Product and service:
- Describe your product and service.
- How is it perceived in the marketplace (quality, service, cleanliness, efficiency, effectiveness, uniqueness, etc.)?
- How does it compare to the competition?
- How does the competition sell their products or services, and to whom?
- What are the opportunities for change? (product or service expansion opportunities)
- What is your pricing policy?
- How are the goods or services distributed?
- What is the pattern of sales?
- Are there any patents or other rights that affect the business, and are they current? How long do these rights last?
Potential internal and external risks and pitfalls:
- This exercise can be among the most rewarding to you. Few ever sit down and actually think about where they fit into the industrial scheme of things. It can improve your general perspective and understanding of how the industry operates.
- Describe the services you provide to your franchisees, the cost of providing these services in a comparative light to those of the “competition.” The profile of the franchisee, the franchisee selection criteria, and marketing strategy will be detailed in later sections, so any examination in this section should be brief.

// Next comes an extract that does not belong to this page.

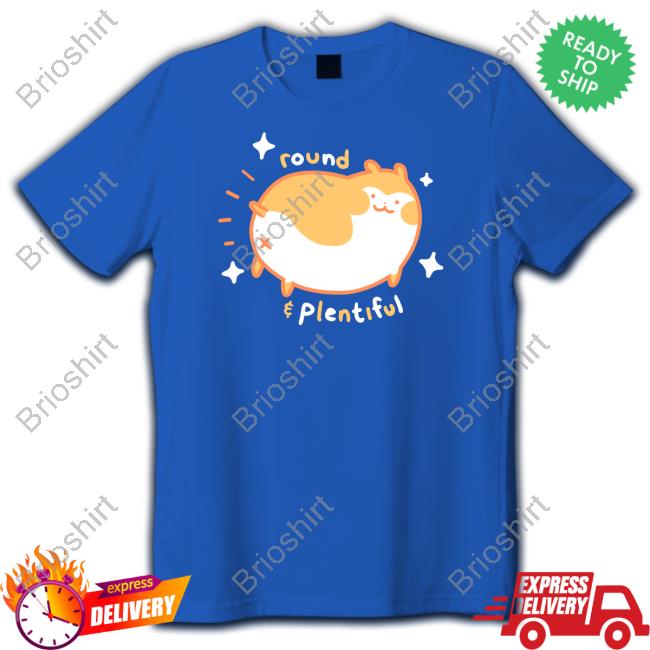 Round And Plentiful Tee Shirt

Market analysis and strategy: Agree to the target markets and market penetration strategies for the company
Examine those markets targeted for expansion, both existing markets and those designated for future penetration, to make determinations of timing for entrance and critical mass requirements. Include both company-operated as well as franchisee-operated.
Many franchisors allow the telephone to drive expansion decisions. Potentially, an unfocused expansion strategy is financial dangerous for the company as well as causing problems to maintaining quality standards and ultimately unit performance, which could fuel franchisee unrest. It is also a waste of marketing resources, as broad-based marketing may not be as effective as targeted development.

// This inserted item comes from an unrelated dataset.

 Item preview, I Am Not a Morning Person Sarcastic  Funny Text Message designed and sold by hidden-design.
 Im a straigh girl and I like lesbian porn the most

In addition, an unfocused market development strategy requires the company to be reactive rather than proactive at all levels, including registering in states unnecessarily or missing opportunities because of delays in registration. This determination will enable the Company’s franchise counsel to prepare the required registration in the appropriate states.
Of course, if opportunities are presented in unanticipated markets, the company can make strategic determinations at that time on their suitability.
Additional market determinations should be made and evaluated on methods of expansion, including company-owned, individual, and multi-unit strategies.
Management should include determinations of the critical site selection criteria, issues of lease negotiations, master/head lease decisions required for site control, construction specifications, trade dress issues, etc. These criteria not only are analyzed in the business plan, but as appropriate are incorporated in the system’s operating manuals, policies, and legal agreements.
Management should include critical mass reviews of existing markets to determine additional optimum penetration which will benefit the system’s field service cost per unit, distribution costs per unit, effective marketing opportunities, etc.
In addition, prior to entering new markets, similar understanding obtained in analyzing existing markets should be conducted and included for these key expansion markets. Entering new markets should not be the goal. Effective entrance into new markets is the goal. Therefore franchisors must assess their core market strategy and tertiary market strategies. This delineation will also be included in the franchisee selection criteria section, as core markets may require a larger and more rapid expansion than tertiary markets, and therefore may be attractive for multi-unit expansion. Failure to anticipate these differences may preclude effective multi-unit core market expansion in the future, as individual franchisees are already in existence in these markets.
A lack of strategic market determinations is one of the significant weaknesses in many franchise programs.
A review of the timing required to open and begin operations of new units should be made. Companies are often surprised when conducting this review that what was assumed to be a short cycle from franchise sales to opening is indeed a much longer cycle. This review often reveals the cause of underlying financial and cash flow problems, even where franchise sales have met target.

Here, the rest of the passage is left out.